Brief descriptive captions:
....

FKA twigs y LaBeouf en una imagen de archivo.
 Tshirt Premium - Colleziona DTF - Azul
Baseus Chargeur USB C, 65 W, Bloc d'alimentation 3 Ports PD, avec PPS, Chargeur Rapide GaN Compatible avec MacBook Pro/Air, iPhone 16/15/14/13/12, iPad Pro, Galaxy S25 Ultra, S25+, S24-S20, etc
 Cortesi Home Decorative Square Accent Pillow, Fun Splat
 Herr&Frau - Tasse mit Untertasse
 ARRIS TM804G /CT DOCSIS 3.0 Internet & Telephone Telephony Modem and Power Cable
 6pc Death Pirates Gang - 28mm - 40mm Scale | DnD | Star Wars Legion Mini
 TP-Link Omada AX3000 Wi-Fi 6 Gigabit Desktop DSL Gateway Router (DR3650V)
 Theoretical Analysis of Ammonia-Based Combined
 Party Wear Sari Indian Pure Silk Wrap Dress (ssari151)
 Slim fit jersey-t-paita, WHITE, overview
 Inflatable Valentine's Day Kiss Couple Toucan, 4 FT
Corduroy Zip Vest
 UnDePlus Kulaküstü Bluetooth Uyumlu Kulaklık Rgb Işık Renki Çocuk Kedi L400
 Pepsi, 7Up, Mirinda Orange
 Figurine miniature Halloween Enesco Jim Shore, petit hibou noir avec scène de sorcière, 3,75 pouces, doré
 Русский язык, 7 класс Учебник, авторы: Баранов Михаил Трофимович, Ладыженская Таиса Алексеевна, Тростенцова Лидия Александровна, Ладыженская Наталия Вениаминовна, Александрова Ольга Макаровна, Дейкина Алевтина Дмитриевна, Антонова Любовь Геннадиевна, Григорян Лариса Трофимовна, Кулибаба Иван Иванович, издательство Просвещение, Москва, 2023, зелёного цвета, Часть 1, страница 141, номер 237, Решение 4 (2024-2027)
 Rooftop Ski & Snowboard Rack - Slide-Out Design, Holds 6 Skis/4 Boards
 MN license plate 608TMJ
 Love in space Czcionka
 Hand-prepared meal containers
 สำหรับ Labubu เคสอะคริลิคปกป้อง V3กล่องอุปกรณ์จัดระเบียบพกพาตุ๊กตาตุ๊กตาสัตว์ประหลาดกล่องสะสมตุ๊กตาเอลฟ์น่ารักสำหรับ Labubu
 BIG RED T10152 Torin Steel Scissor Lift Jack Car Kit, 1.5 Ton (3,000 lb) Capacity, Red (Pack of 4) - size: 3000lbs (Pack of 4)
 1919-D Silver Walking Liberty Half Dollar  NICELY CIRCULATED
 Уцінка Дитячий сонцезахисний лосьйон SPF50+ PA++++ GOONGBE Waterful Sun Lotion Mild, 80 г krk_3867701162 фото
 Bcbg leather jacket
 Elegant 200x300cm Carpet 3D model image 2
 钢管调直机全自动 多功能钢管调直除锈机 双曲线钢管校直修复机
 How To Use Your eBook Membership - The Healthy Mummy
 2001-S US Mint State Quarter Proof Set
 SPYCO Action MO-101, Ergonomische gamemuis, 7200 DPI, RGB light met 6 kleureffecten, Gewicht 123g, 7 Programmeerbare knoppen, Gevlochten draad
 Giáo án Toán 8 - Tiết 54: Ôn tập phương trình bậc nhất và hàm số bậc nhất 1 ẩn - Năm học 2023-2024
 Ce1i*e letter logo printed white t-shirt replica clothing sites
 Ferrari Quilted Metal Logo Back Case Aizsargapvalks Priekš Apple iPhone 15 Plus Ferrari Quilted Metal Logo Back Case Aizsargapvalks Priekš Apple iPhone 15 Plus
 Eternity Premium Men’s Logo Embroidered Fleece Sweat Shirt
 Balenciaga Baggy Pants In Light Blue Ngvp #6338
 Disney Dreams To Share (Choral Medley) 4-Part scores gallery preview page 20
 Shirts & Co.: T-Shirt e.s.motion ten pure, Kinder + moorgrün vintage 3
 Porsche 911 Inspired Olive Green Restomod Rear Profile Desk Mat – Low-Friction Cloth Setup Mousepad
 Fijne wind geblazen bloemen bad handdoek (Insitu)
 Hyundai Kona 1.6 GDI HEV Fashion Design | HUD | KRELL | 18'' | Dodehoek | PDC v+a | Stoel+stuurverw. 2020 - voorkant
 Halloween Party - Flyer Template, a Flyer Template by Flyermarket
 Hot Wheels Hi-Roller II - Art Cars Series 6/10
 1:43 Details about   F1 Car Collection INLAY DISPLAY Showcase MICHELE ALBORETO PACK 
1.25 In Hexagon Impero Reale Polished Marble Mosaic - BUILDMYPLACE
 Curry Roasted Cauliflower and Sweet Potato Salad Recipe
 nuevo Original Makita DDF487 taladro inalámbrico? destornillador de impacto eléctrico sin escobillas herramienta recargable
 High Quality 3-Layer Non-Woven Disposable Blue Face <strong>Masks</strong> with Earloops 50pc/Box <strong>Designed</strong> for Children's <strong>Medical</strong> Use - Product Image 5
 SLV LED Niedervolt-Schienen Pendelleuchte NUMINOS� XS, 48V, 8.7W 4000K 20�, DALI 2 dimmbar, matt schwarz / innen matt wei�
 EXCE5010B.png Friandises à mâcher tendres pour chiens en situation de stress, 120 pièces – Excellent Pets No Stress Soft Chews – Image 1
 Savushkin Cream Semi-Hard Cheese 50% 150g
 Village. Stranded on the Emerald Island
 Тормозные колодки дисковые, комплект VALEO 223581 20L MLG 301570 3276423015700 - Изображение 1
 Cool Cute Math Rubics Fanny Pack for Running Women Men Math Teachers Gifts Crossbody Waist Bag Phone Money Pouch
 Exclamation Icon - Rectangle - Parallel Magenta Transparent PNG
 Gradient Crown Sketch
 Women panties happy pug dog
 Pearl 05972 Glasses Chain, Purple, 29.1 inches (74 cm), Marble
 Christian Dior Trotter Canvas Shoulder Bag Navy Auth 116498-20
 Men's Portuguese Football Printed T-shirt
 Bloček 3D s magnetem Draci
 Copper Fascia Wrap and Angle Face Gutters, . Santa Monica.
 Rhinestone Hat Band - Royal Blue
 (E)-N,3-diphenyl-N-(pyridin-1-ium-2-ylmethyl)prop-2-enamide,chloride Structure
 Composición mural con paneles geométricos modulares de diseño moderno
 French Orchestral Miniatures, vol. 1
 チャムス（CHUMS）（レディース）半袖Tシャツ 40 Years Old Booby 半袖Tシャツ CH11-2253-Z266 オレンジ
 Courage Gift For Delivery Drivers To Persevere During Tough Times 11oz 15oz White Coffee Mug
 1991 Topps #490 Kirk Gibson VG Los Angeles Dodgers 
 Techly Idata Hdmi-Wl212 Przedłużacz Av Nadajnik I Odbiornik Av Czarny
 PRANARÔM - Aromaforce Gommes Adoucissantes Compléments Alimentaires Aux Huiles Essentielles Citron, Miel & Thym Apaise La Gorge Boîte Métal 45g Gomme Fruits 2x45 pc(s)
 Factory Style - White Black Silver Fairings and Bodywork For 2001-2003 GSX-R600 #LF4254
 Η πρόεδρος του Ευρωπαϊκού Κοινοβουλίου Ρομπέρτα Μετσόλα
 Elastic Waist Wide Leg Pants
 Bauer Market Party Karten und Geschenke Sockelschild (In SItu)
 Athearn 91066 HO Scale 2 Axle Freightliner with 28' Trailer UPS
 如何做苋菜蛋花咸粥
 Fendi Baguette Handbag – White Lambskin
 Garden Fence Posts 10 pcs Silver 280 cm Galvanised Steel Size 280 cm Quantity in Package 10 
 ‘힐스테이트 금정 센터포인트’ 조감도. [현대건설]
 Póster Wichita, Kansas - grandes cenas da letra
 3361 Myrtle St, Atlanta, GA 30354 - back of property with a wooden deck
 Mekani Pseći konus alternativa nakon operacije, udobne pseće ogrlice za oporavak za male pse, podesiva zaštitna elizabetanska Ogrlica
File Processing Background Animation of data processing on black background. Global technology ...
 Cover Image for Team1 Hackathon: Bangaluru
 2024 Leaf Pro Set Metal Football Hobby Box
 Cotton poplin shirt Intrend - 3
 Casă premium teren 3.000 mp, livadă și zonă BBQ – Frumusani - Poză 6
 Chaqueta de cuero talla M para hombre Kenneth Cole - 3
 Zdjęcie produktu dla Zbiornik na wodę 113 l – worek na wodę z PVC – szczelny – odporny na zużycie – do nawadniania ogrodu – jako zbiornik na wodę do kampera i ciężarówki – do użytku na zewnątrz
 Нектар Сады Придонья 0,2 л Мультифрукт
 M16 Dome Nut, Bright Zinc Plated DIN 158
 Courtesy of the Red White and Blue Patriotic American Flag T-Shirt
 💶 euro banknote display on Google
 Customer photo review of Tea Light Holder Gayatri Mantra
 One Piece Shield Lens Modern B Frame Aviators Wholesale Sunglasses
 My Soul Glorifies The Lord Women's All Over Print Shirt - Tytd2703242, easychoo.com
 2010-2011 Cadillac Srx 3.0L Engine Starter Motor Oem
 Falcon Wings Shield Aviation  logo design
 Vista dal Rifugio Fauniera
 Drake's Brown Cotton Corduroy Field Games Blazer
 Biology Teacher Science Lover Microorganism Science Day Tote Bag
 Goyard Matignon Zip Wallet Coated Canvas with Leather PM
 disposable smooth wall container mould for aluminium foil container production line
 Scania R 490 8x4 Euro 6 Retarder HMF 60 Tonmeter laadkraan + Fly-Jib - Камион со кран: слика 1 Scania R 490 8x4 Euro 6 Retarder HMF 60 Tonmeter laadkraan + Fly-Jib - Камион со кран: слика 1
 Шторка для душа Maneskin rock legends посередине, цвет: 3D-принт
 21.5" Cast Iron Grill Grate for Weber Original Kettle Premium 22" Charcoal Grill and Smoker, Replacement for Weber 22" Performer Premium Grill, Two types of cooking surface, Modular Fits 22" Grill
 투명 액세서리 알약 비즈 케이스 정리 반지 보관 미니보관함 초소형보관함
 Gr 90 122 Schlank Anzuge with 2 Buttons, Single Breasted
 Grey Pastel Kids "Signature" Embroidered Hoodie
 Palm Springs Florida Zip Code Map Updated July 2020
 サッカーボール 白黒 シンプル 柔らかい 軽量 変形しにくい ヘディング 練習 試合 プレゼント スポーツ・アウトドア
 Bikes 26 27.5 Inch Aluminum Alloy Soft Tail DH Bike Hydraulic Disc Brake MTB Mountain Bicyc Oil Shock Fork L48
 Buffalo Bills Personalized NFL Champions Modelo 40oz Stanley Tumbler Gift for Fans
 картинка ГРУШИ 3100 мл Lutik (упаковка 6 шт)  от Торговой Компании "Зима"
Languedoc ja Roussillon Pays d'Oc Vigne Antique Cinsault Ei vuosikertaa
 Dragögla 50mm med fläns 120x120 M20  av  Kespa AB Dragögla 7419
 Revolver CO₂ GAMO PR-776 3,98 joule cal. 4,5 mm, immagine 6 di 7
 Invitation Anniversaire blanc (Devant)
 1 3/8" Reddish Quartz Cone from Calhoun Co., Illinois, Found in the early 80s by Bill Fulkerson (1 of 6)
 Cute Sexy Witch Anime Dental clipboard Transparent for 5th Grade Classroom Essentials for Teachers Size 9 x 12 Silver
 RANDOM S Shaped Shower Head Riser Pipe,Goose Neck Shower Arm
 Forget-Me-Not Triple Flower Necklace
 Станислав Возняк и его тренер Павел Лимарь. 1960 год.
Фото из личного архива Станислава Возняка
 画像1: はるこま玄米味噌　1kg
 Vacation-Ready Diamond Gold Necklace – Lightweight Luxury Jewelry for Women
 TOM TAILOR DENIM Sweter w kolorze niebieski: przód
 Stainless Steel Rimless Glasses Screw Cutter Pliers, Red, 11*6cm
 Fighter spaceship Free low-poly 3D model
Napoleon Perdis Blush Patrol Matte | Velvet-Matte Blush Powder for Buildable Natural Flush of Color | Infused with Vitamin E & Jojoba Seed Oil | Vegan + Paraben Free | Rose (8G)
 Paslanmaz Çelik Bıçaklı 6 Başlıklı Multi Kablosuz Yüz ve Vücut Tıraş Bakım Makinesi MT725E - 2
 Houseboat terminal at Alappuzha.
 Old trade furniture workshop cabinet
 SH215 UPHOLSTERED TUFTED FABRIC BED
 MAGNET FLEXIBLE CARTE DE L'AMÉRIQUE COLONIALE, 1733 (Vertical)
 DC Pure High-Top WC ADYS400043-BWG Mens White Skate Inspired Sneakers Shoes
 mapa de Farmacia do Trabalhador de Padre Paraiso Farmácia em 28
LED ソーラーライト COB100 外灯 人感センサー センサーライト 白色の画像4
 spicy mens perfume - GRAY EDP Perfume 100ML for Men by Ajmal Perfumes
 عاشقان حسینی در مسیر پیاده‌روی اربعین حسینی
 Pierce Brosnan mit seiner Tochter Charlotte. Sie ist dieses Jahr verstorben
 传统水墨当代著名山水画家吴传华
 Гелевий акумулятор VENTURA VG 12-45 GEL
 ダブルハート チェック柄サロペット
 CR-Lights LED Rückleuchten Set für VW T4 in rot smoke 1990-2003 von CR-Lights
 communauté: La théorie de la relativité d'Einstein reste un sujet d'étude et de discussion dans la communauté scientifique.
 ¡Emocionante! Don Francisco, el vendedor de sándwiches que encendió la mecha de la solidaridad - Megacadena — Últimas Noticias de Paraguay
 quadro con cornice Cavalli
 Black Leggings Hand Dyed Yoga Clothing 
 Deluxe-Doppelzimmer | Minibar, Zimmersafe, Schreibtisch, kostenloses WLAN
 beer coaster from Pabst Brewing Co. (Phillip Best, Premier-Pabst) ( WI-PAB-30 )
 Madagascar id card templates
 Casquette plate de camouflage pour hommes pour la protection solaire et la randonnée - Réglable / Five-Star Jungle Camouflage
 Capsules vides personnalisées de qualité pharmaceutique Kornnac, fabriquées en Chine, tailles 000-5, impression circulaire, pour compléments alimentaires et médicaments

....

> **TASK**
Both the line containing "Fijne wind geblazen" and the line containing "nuevo Original Makita" belong in the answer. Print them and every line above that falls between them exactly, and no others.

> **REPLY**
 Fijne wind geblazen bloemen bad handdoek (Insitu)
 Hyundai Kona 1.6 GDI HEV Fashion Design | HUD | KRELL | 18'' | Dodehoek | PDC v+a | Stoel+stuurverw. 2020 - voorkant
 Halloween Party - Flyer Template, a Flyer Template by Flyermarket
 Hot Wheels Hi-Roller II - Art Cars Series 6/10
 1:43 Details about   F1 Car Collection INLAY DISPLAY Showcase MICHELE ALBORETO PACK 
1.25 In Hexagon Impero Reale Polished Marble Mosaic - BUILDMYPLACE
 Curry Roasted Cauliflower and Sweet Potato Salad Recipe
 nuevo Original Makita DDF487 taladro inalámbrico? destornillador de impacto eléctrico sin escobillas herramienta recargable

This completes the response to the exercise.